KASK Fiber-glass malzemeden meydana getirilen kaskların içinde yer edinen koruma kafesi güvenliği en üst seviyeye çıkarıyor. Ayrıca hafifçe olan bu kaskların içinde yanmaz bir kaplama kullanılıyor. Biroldukca maden ocağında kullanılan kasklar plastik malzemeden yapılıyor. İçinde hiçbir koruma bulunmayan bu kaskların güvenlik seviyesi oldukça düşük.
MASKE Felaket anlarında madencilerin can simidi olan maskelerde yer edinen hususi filtreler, karbonmonoksiti süzüyor. Böylece madencilerin nefes alabilmesi sağlanıyor. Türkiye’deki madencilerde çoğu zaman karbonmonoksit filtreli maske bulunmuyor.
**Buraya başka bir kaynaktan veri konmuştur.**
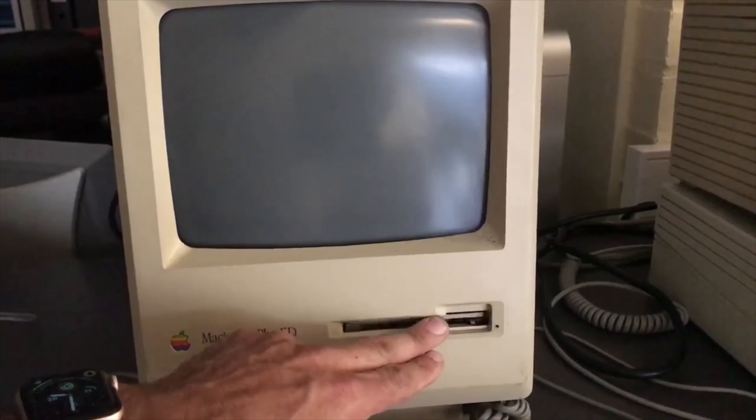He has this Mac Plus and the machine turns on but the screen doesn't light up. I told him to smack the side of the machine and the screen actually turned on for a couple of seconds. That's when I told him this is probably a broken trace or bad solder joint on the analog board — a very easy fix — and we agreed to fix his Mac Plus so I could check out his collection and film it for you guys.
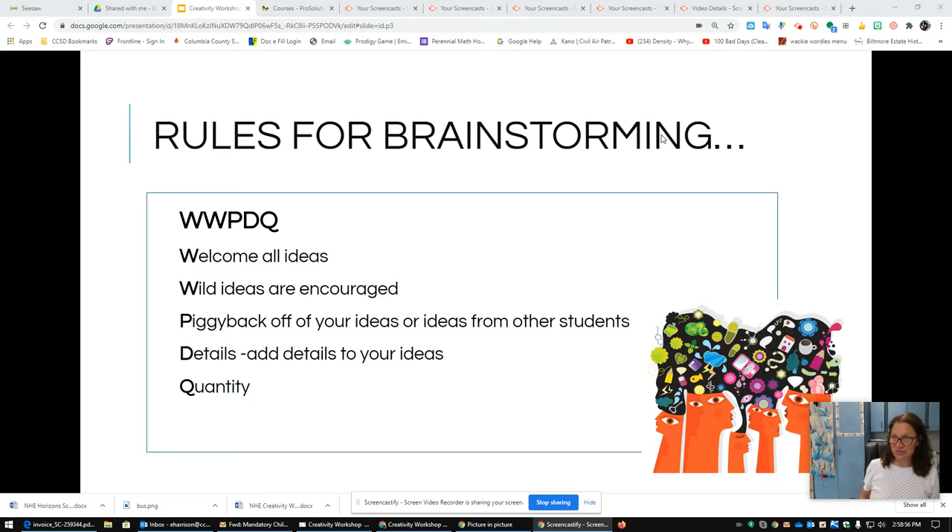The rules for brainstorming. We like to use WWPDQ — it's kind of a catchy phrase. These are the things you're going to remember when brainstorming. The first thing: welcome all ideas. When you are brainstorming a problem, whether it's a little problem or a big problem, and you're in the brainstorming stage listing all the ideas you have, we welcome every idea. We love lots of ideas.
FENER Kasklara monte edilen fenerde azca enerji harcayan 5 wattlık LED teknolojisi kullanılıyor. Bu ışıklar enerjisini madencilerin kemerlerindeki bataryalardan alıyor. Kasklarda yer edinen ampullerde akkor teknolojisi kullanıldığı için enerji tüketimi daha çok ve ömrü daha kısa.
TULUM Yangınlara karşı dayanıklı olarak tasarlanan tulumlar, hususi bir yağlı kumaştan yapılıyor. Anti statik özelliğe de haiz olan tulumların diz ve dirsek bölgelerinde koruma tamponları bulunuyor. Kumaştan dikilen tulumların, yangına karşıla dayanıklılığı bulunmuyor. Bu yüzden madencilere extra bir güvenlik sağlamaktan uzak.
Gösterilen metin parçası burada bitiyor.